Mas na época em que os olhos do mundo se voltam cada vez mais para questões ambientais e o timing da Rio+20 conspira a favor do tema, a platéia quis ouvir mais do que os avanços sociais e econômicos que o governo porventura lidera. Energias renováveis, indicadores de desenvolvimento sustentável, recomendação de agenda para a Rio+20, fontes nucleares – tudo isso foi provocado ao co-criador do Índice de Desenvolvimento Humano (IDH).

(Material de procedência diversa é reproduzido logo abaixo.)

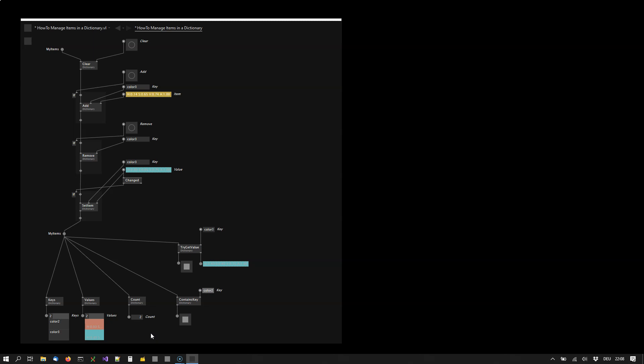Then we have a count node that simply tells us how many items there are currently in the dictionary.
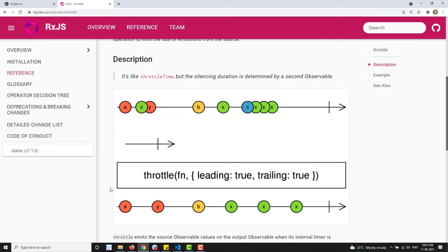With leading true and trailing true, the first and last values within the duration are emitted to the output observable. So 'a' and 'y' are emitted. In the next duration, 'b' is the first value and 'x' is the last, so 'b' and 'x' are emitted. Leading true means the first value in the duration is emitted, and trailing true means the last value is emitted.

Sen, juntamente com Mahbub ul Haq, criou o IDH em 1993, ano a partir do qual o indicador vem sendo usado pelo Programa das Nações Unidas para o Desenvolvimento (Pnud) em seu relatório anual e aos poucos tornou-se referência mundial. Combina três indicadores-base: a esperança de vida à nascença, o rendimento e o nível de educação.
Ao ressaltar a conexão entre crescimento econômico e redução da pobreza em países pobres e emergentes, Sen reforçou: “quando falamos em crescimento econômico, temos de falar em desenvolvimento sustentável”. “Espero que isso esteja bem claro”. Se as Maldivas e parte da Holanda afundarem, se Bangladesh for acometida por desastres naturais, o crescimento, em vez de ajudar, expande a pobreza e a privação – exemplificou.
Nesse ponto do discurso, Sen procurou definir pobreza não só como escassez de renda, mas como privação da liberdade das pessoas: ao acessar recursos e oportunidades, ao mover-se livremente, ao participar da vida pública.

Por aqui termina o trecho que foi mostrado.